Easy AI answers all the time?

How will we balance human learning against the constant temptation of “easy AI answers all the time”? Of 7000 high school students surveyed, about 40% indicated that they had failed to resist the temptation of over-using AI on their schoolwork.

Self-Regulation will be a crucial skill in our coming age of AI. OR at least, designing environments that support human self-regulation, because we are temptation-succumbing agents. At least, I am.

This is a great podcast, and you can listen, or read the transcript.

WiFi Blocking?

I like our best human thinkers as they grapple with the necessary productive cognitive friction that is needed for human brains to encode hard-earned knowledge. It is not good enough to have a super-search algorithm finding answers for you. There is something ineffable about being able to take a difficult problem, and reason through it as a human.

At the same time, we know that younglings have access to all the AI models out there. No amount of “adult protection” or “wifi blocking” or other pretend gatekeeping will keep smart kids from figuring out how to get to forbidden fruit.

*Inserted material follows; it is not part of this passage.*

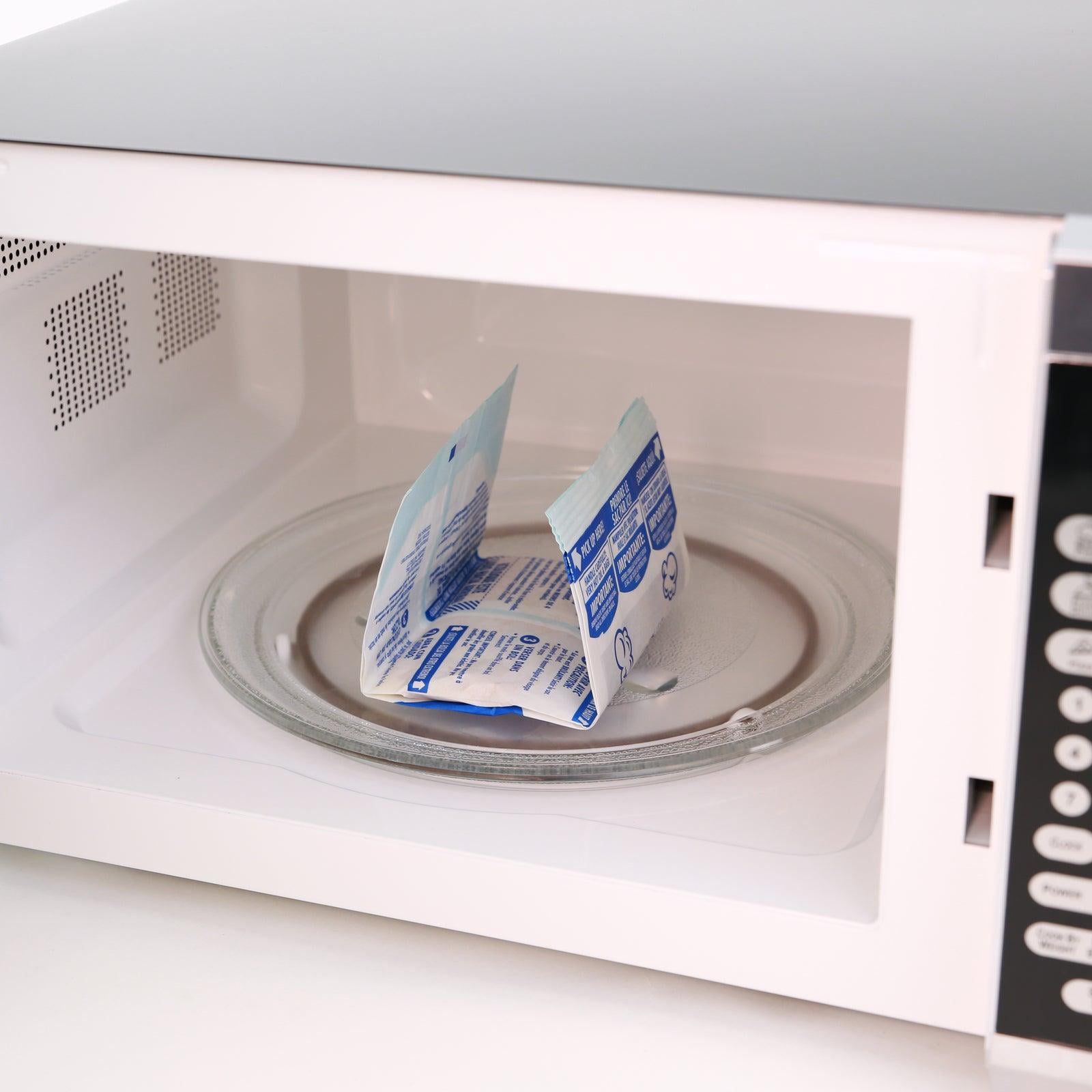 Avanti Microwave Countertop Microwave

So it remains, how would informaticists, physician teachers, all teachers, coaches, mentors, suggest we move forward when EVERYTHING is changing, and this new AI entity or entities are everywhere?

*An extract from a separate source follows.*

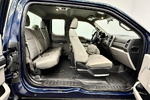 2017 Ford for sale at GR8 Auto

Idea 1: Invite our learners into the problem.

We recently struggled whether to grant our medical students access to Abridge, the ambient note solution offered at University of Colorado and UCHealth. Shouldn’t we prohibit students from using ambient notes? Don’t all of us teaching professors remember struggling to write comprehensible notes in our learning years, and now can quickly and incisively think through hard problems by writing notes that get to the root of the patient’s pathophysiology? Who hasn’t worked on writing a note, and in the process, discover an angle on the patient’s medical problem that was not obvious before starting the writing?

Now, if ambient notes are done at the end of the visit, where does that cognitive friction go? Removing this friction is perhaps a slight problem (and a big benefit) for experienced clinicians. However, removing this friction for students and residents might impair their learning just as it is most needed to form neural pathways, knowledge and … wisdom and judgement.

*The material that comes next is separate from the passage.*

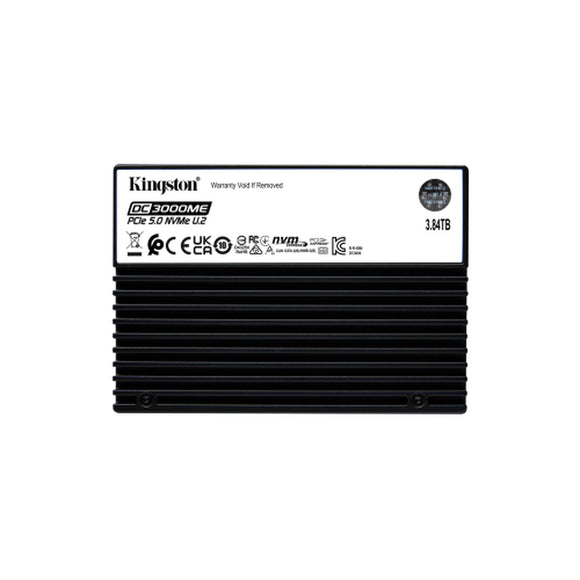 V2H6DFC7FB06E691DFCD44C702CB37E9DC7R7685305P1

This year our graduate medical education leaders decided to give all students access. And then allow them to choose: how WILL you use it, knowing that it might impair your learning and there are as yet NO GUIDELINES? We must write these guidelines together. As a result, most students have chosen NOT to use ambient notes because of exactly that concern: they are in medical school for the training, NOT to simplify their work. This is a gratifying outcome.

Idea 2: Construct problems unsolvable by AI.

In this podcast, college professors describe writing problems specifically so that AI at present, cannot solve them. This is difficult work, and perhaps unsustainable if AI continues to improve at dramatic rates. It is an interim solution. Better yet…

Idea 3: Learners explore the human/AI interface.

Assume that everyone has access to AI, and then ask questions that could not be asked before. Specifically, have our learners ask questions that could not be asked before. And in answering them using AI, and critiquing each other, learning the field in a way not possible before.

In this podcast, college professors are now adjusting their curricula, instead of giving take-home exams that GPT can easily answer, they have in-class work where students design and ask mathematics problems that the AI cannot answer, and then have to figure out an answers the long-hand way. As a result, professors are seeing levels of learning and sophisticated understand that comes from exploring the space WITH an AI and all the extra reading needed to figure out what the edges of what an AI can do, and what the modern questions are in mathematics, and how to approach them. This also, is a winning approach.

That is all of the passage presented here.